■ What the exercise asks:
Beginning at the line containing "Kurumi kawai ♥️🤭", repeat each line below exactly up to and including the line containing "The Strongest Tribe: War, Politics, and". Do not repeat the pictures.

■ Records supplied:
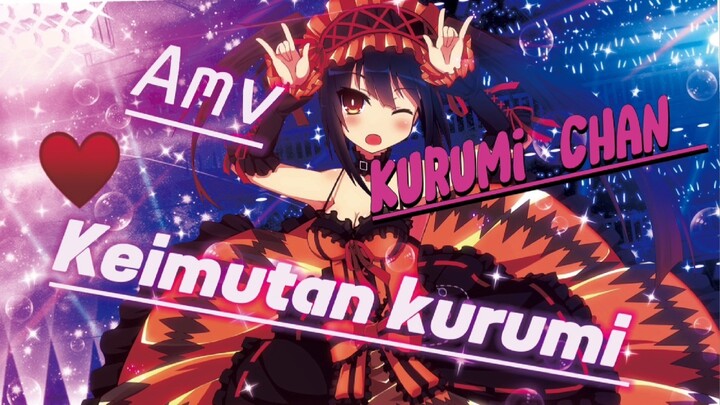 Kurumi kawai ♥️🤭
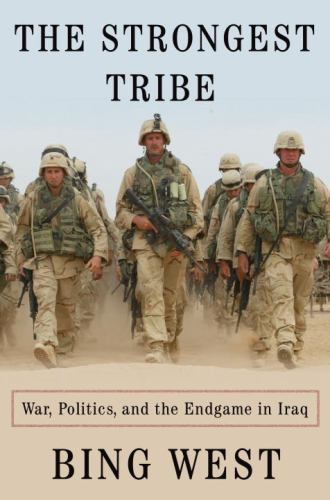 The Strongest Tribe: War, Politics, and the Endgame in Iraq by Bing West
...
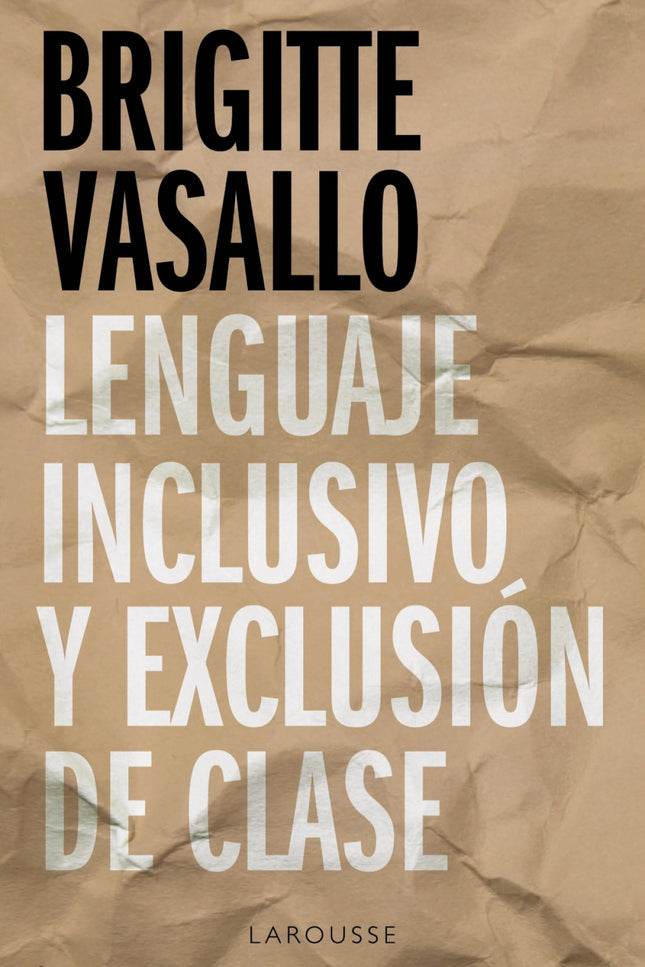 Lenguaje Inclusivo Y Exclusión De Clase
==
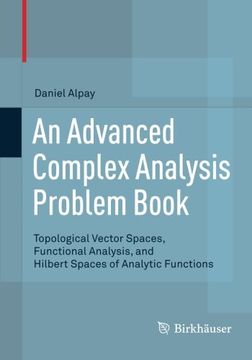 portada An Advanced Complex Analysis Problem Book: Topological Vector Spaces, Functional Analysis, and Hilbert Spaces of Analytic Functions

■ Output of the task:
 Kurumi kawai ♥️🤭
 The Strongest Tribe: War, Politics, and the Endgame in Iraq by Bing West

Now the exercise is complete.